▸ INPUT DATA
######
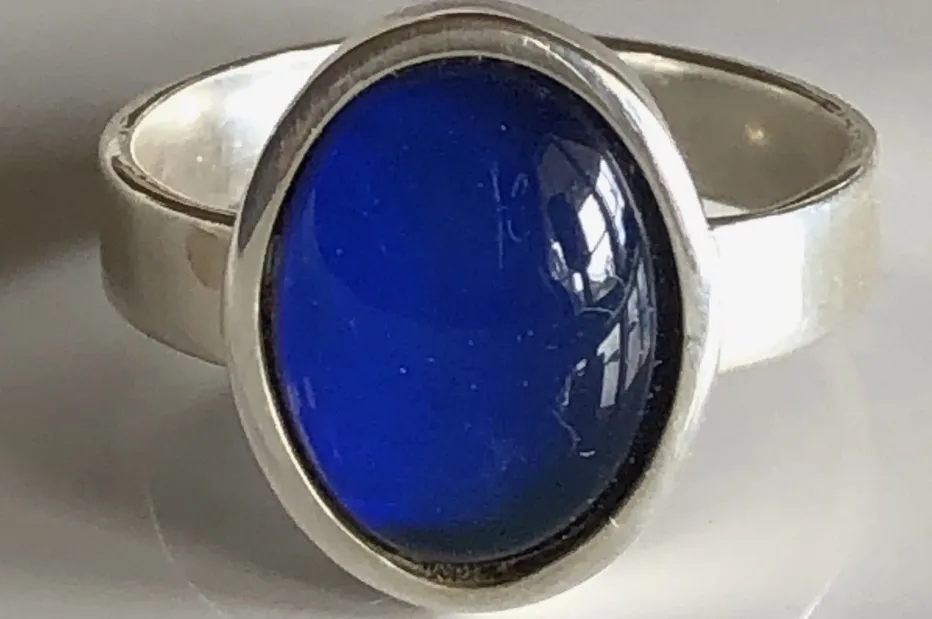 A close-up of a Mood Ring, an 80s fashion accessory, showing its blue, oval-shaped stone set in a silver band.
######
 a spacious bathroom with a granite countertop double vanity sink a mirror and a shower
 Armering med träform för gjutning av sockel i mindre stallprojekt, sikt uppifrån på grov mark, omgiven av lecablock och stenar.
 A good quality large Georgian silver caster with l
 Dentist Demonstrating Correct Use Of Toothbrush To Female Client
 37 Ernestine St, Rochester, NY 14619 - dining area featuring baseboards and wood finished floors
######
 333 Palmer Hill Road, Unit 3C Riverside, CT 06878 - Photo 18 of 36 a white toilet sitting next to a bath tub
######
▸ EXERCISE REQUIREMENTS
Scan the material above for the string "with". Return each line where it occurs.

▸ EXERCISE RESPONSE
 a spacious bathroom with a granite countertop double vanity sink a mirror and a shower
 A good quality large Georgian silver caster with l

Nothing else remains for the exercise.